It would be wrong not to acknowledge that now the crudest and most overt forms of discrimination have largely disappeared from the big cities of India as a result of the sporadic reform movements after 1947, and untouchables have made progress. Even one of them became the President of India. Perhaps gone are also the days when they were beaten if their shadow touched a higher caste person, and they had to wear bells to warn of their approach, and had to carry buckets so their spit couldn’t contaminate the ground. The Laws of Manu, prescribing what to eat, whom to marry, how to earn money, when to fight, how to keep clean, whom to avoid etc. might have been amended. But we are talking here of the pre-partition days.
Was it not Dr. Ambedkar, the genius who wrote the Indian constitution, and who after his failure to get a separate electorate for the untouchables, felt so disgruntled that he just changed his religion and converted to Buddhism. “Give the untouchables separate electorate,” Gandhi cried, “and you only perpetuate their status for all time”.
Where did the Muslims stand? A little above the untouchables. In the words of Romila Thapar, (A History of India. Vol. One), “Had the Muslims remained a foreign community, there would have been a readier acceptance of their ideology by high-caste Hindus”. Her logic is that Muslims failed to assimilate because most of the converts in their midst were low-caste Hindus.
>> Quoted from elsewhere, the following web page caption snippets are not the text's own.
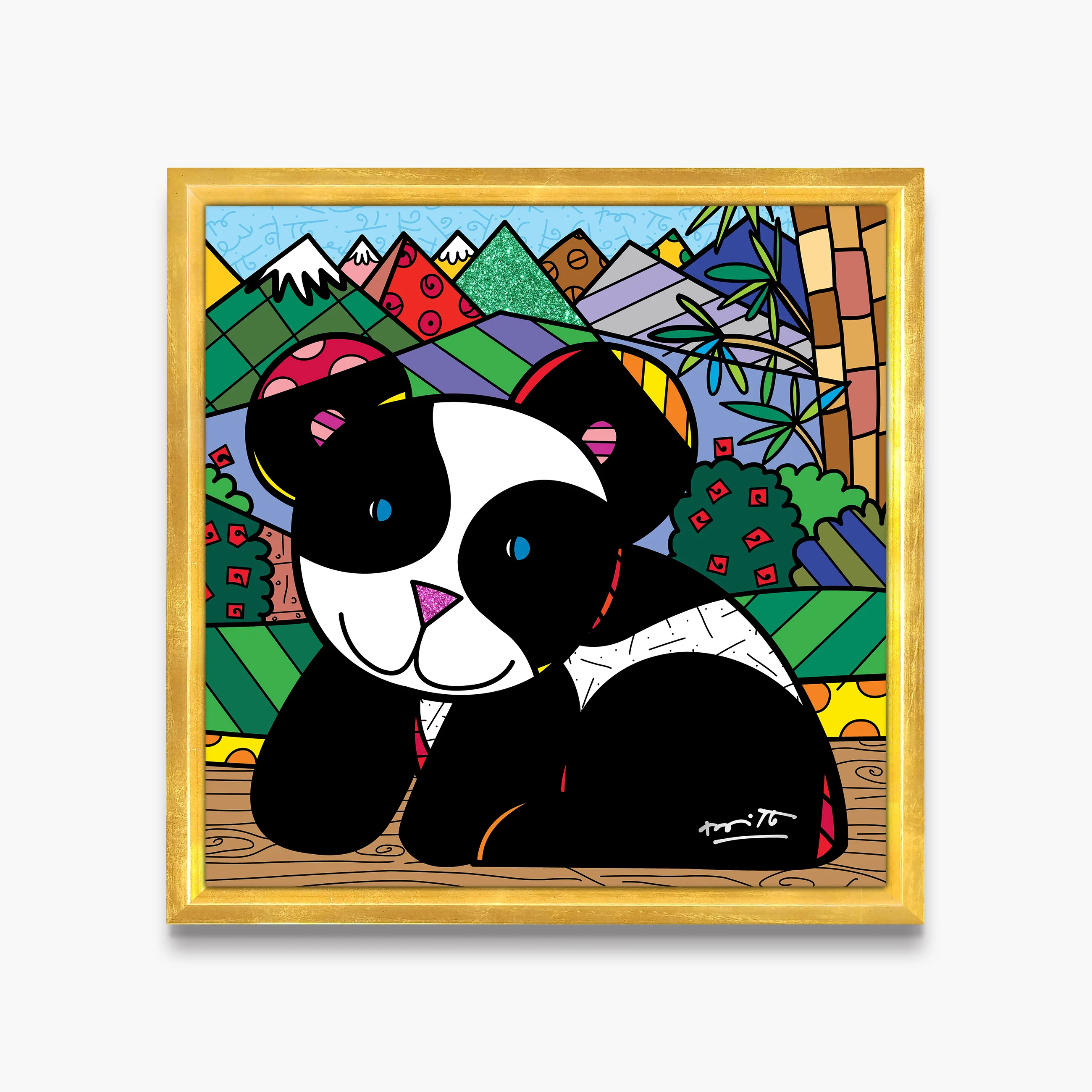 Blue Eyes - Limited Edition Print - Image 20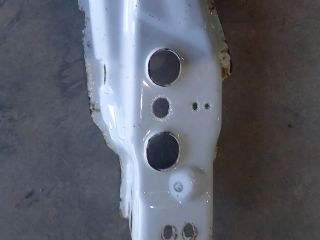 bontott FORD TRANSIT Homlokfal (Üres lemez)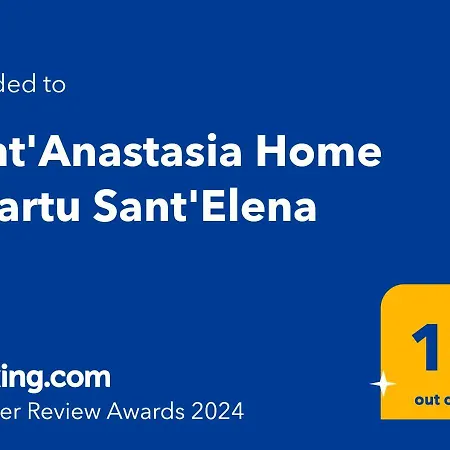 Sant'anastasia Quartu Sant'elena Su Forti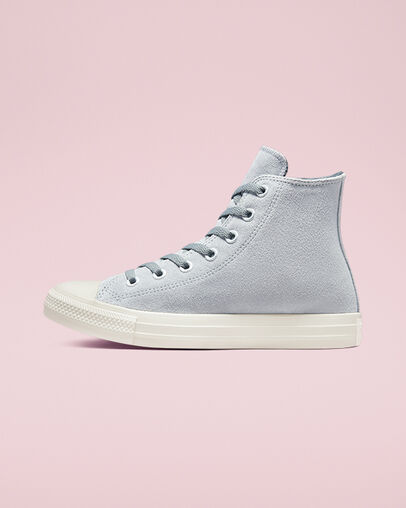 Cozy Utility Chuck Taylor All Star Ash Stone/Ash Stone/Egret, Inner Side View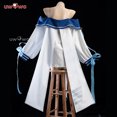 thumbnail image 3 of En STOCK XXX Game AzuRr Lanee USS Laffey II Costume Cosplay Lapin Robe Tenue de Fête Uniforme pour Femme, 3 of 6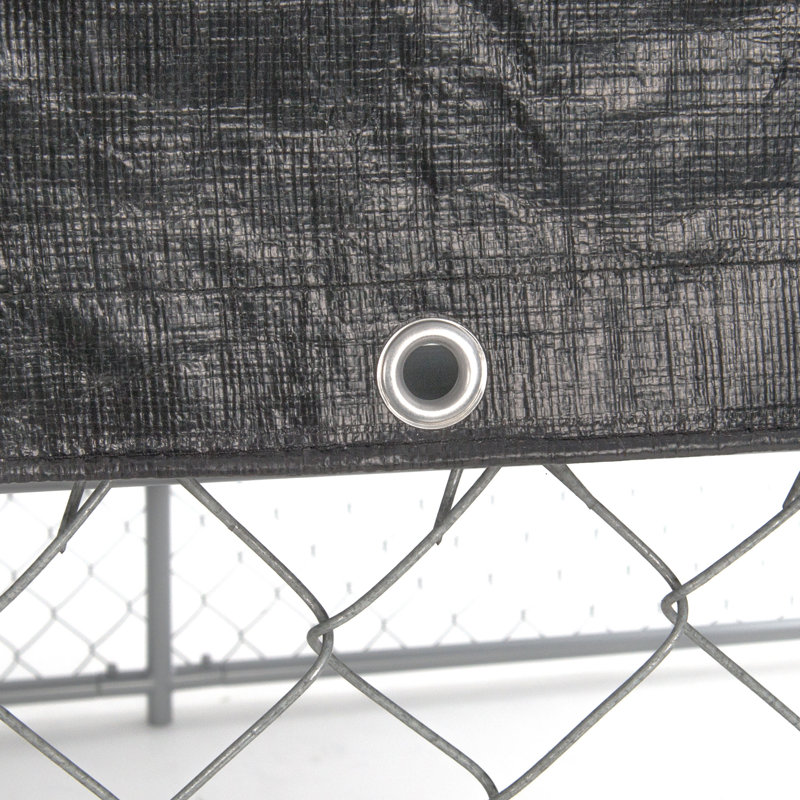 Lucky Dog Weatherguard Yard Kennel Cover, 10' W x 10' L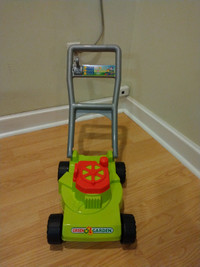 Toy Lawn Mower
The logic is interesting because it proves that if the assimilation did not take place, it was not due to Muslims, but due to the strict adherence of Hindus to a caste hierarchically graded society. Second, Islam never looked for conversions, in fact, the Indian Muslim Sultans discouraged it because conversions deprived them of their collections. Thirdly, even after a total or partial rule of 1,200 years, Muslims in India did not rise above a percentage of at best 20% of the total population, a living proof that Hindus did well under their rule. It were the dejected and the disgruntled Girdharilal Mauryas whose attackers would justify such beatings by stating, “His sins are many. He has bad karma. Why else would he, like his ancestors, be born an untouchable, if not to pay for his past lives?’ If Islam embraced such down-cast people, as did Christianity in the colonial days, it is not the fault of these two religions. The fault lies somewhere else.
Assimilation between the Muslims and Hindus always remained skin-deep. The devotional songs of Chaitanya, and Mirabai; the mystical verses of Lalla of Kashmir; the heart-rending hymns of blind-poet Surdas, the joint efforts of all the three schools of Sufism, the Chistis, the Suharwardys, and the Firdausis, and the attempts made by the Bukti leaders, the combined influence of Sidi Maula, Kabir and Nanak, and the tampering of Emperior Akbar with Islam and creating a new Din-e-Ilahi, and of many more ultimately failed in a country whose basic ethos was non-Muslim, and all along the two people existed as two distinct and separate communities. The Hindus could not compromise on their laws of Manu, and the Muslims would not on their concept of Tawhid.
Mr. Kuldip Nayyar says that Pakistan gets fixated on BJP when it has to justify its two-nation theory. Asking for the secession of Kashmir from India is to re-open old wounds. He contends that the delegation he led to Pakistan, consisting of three MPs, gave a warning at Lahore and Karachi to those who attended that it was silly on the part of Pakistan to be more interested in 800,000 living in Kashmir than the 150 million Muslims living in the rest of India. Jinnah used the two-nation theory for the division, and it was a one-time stunt. Now it has outlived its validity and relevance. Mr. Advani’s Hindutva slogan is a poll issue and India by ethos, culture and religion is pluralistic. Conclusion, Hindus and Muslims are one nation. Is this much different from what Mr. Karamatullah K. Ghori has sarcastically written about the two-nation theory?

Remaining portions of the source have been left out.